According to the 100-page memo that accompanied the meeting agenda, DeKalb in 2016 “began a process to solicit proposals for consulting services to develop a strategy for the revitalization of the Annie Glidden North (AGN) neighborhood.” In other words, the city hired another consultant to do another study.
During the meeting, however, city employees objected to members of the public calling the project a study. They’re acting very thin-skinned about members of the public noting that we have stacks and stacks of studies lying dustfully on the shelves, so they’re countering by calling this one a “plan” already instead.
I encourage you not to engage them in the game. They may not have a leg to stand on, and they may produce little when it comes to results, but they can do semantics all day long. Just smile and say, “Po-ta-to, po-tah-to,” and move on to the important stuff.

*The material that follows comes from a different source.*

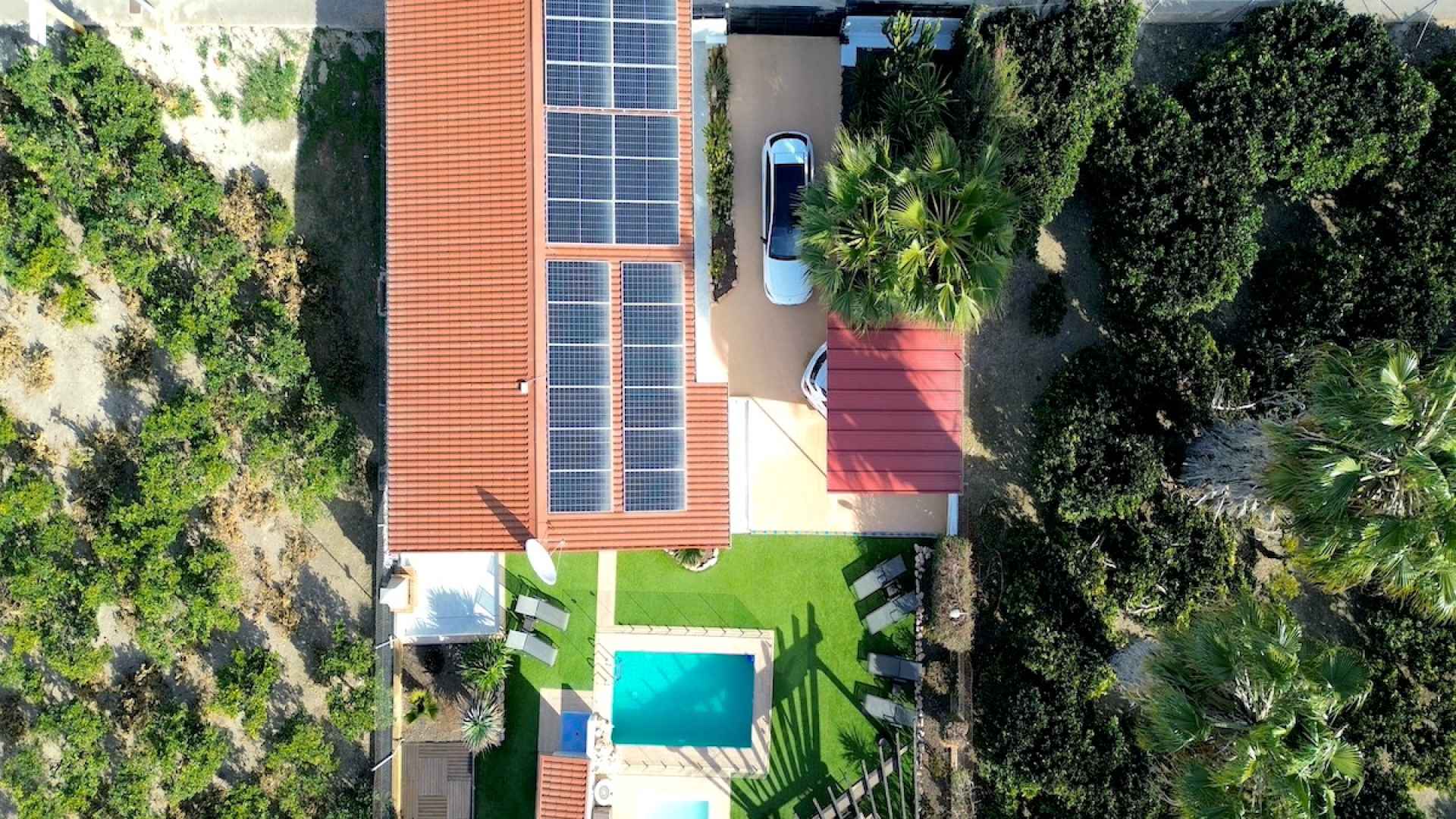 48851_stylish_and_contemporary_3_bedroom_farmhouse_with_private_pool_270225075804_dji_0546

It’s important that speakers expressed concern that the city’s financial situation cannot support the revitalization efforts a big-city consultant might be expected to suggest, and that a more direct approach to public safety is what we should be looking at right now.
It’s important that Pastor Joe Mitchell of the New Hope Missionary Baptist Church announced that the church will be building a new community center within two years, and that he wanted to attract investment that would lead to revitalization — not gentrification — of the area.
It’s important to listen to the people who live and/or work in these neighborhoods.
What’s also important is to know whether something is going on outside of the public meetings. By this I’m referring to NIU, which was knee-deep into the secretive College Town Partners redevelopment scheme, and meddled in the University Village rezoning matter.
University Village is part of Annie Glidden North. NIU worked a plan on UV, and it may already have a plan — not just a study — for other parts of AGN as well.
The university was involved in private discussions about potential redevelopment of properties in the area off of Annie Glidden at Hillcrest. Emails obtained from NIU via Freedom of Information Act requests reveal that in spring of 2014, then-NIU vice-president Bill Nicklas met at Campus Cinema with Chuck Hanlon, principal urban planner with Wills Burke Kelsey Associates, and arranged for Hanlon to create “a proposal for us that looks at the commercial strip along Hillcrest and Blackhawk, as well as a wider area in all directions to envision a different neighborhood.”
The emails include Hanlon’s proposal. The city was apprised, a preliminary plan was prepared for review in June 2014, and an NIU employee was tasked with supporting the creation of a development plan, for example by determining the costs of a “mini special census” in the neighborhood.
Where is the development plan, and how might those events be influencing today’s?